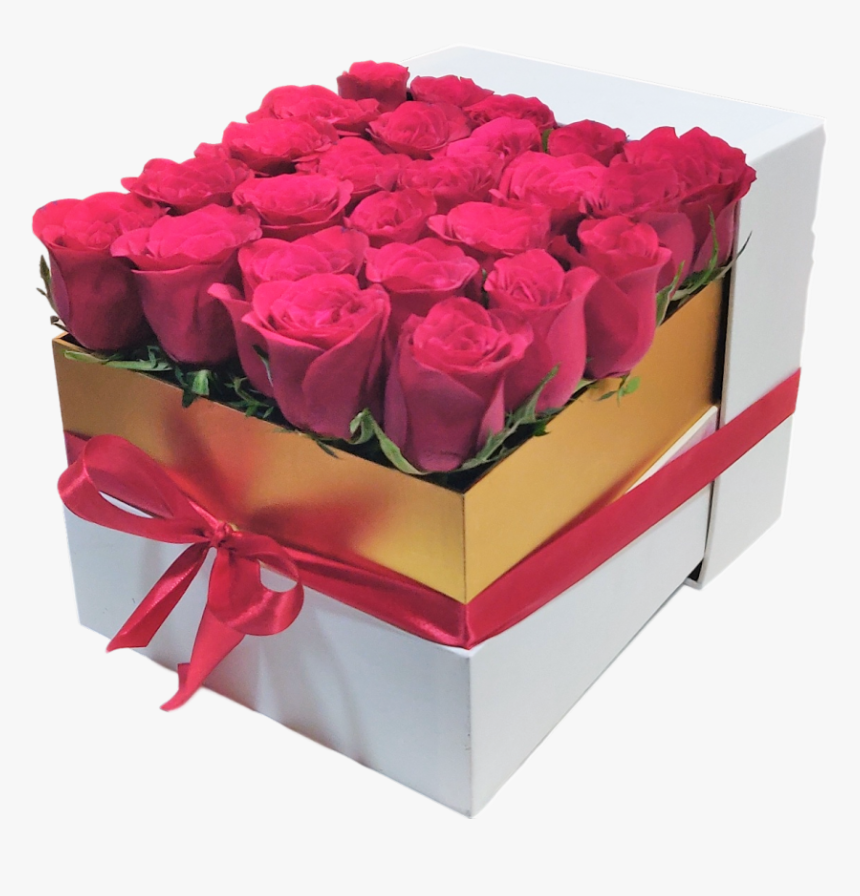 White Box 25 Red Roses Gift - Garden Roses, HD Png Download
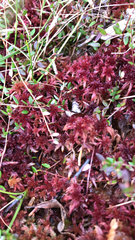 Sphagnum magellanicum
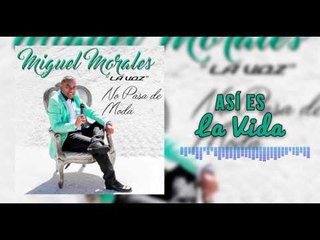 Así Es La Vida - Miguel Morales I Mano De Obra ®
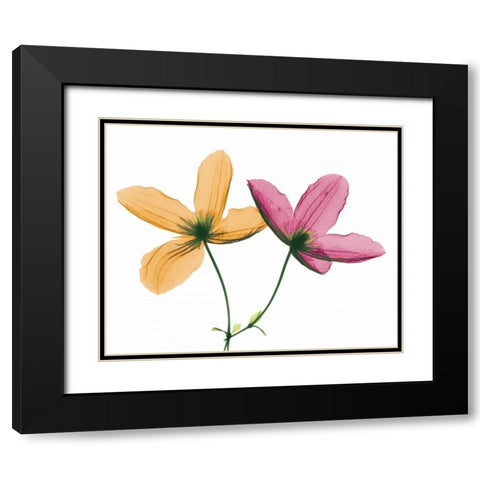 Clematis Black Modern Wood Framed Art Print with Double Matting by Koetsier, Albert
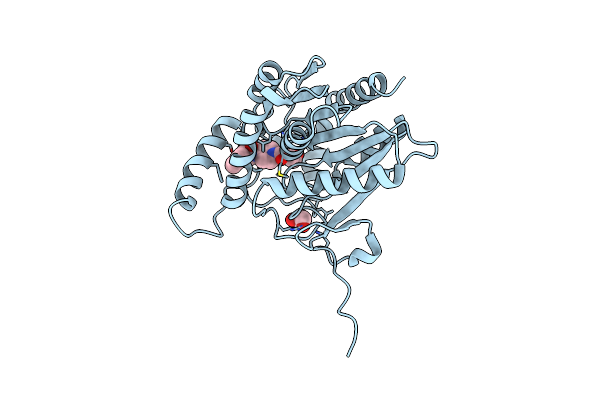 8PTC image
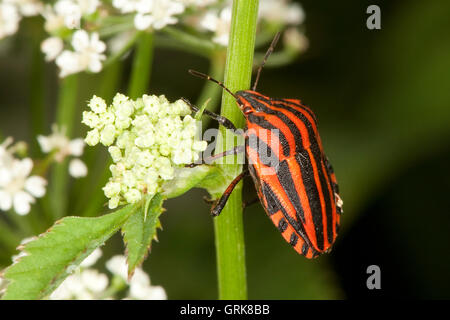 Streifenwanze, Streifen-Wanze, Graphosoma lineatum, Italian Striped-Bug, Striped-Bug, Minstrel Bug Stock Photo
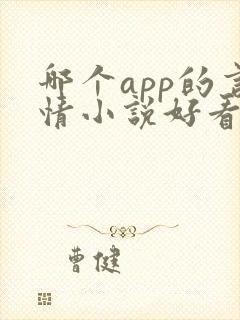 哪个app的言情小说好看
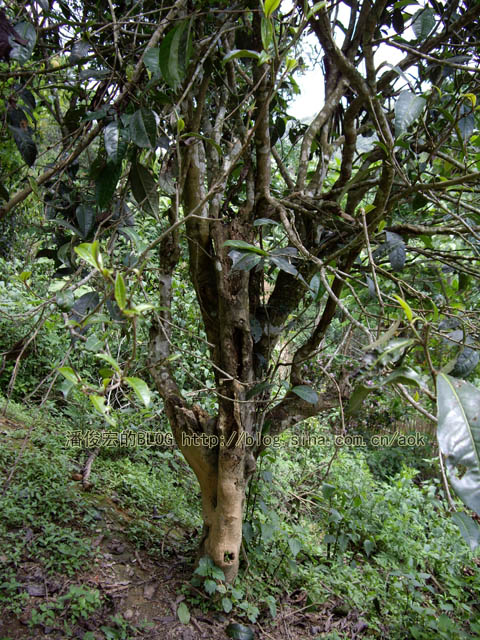 易武麻黑-茶树矮化的双刃刀/潘俊宏 2007年5月24日记 Life tea | 生活禪茶  茶树 矮化 潘俊宏 武麻 日记 双刃   [ 潘俊宏 Arttopan -艺术家 artist ]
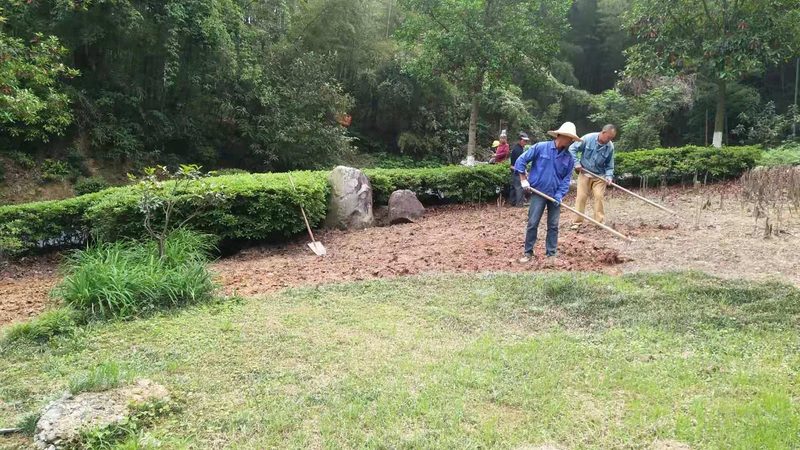市政绿化工程公司报价单：揭秘报价背后的关键因素
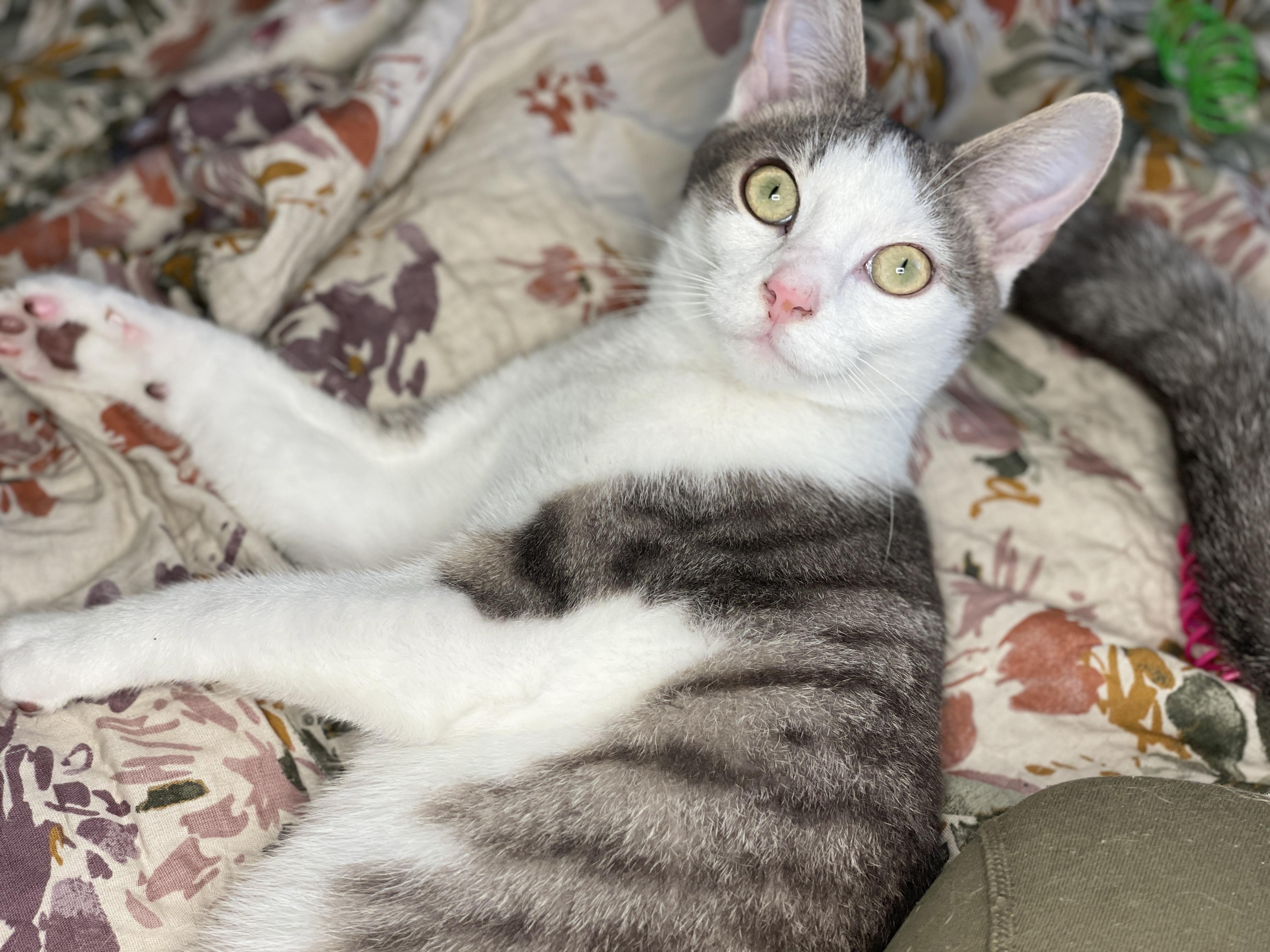 Enlarge Thumper, a Adoptable Domestic Short Hair in Brewster, NY image 5/6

------------------------------------------------------------

_Task description_: Set down exactly the lines between the line containing "哪个app的言情小说好看" and the end of the records above, both ends included; pictures stay out.

_Response to the exercise_:
 哪个app的言情小说好看
 易武麻黑-茶树矮化的双刃刀/潘俊宏 2007年5月24日记 Life tea | 生活禪茶  茶树 矮化 潘俊宏 武麻 日记 双刃   [ 潘俊宏 Arttopan -艺术家 artist ]
市政绿化工程公司报价单：揭秘报价背后的关键因素
 Enlarge Thumper, a Adoptable Domestic Short Hair in Brewster, NY image 5/6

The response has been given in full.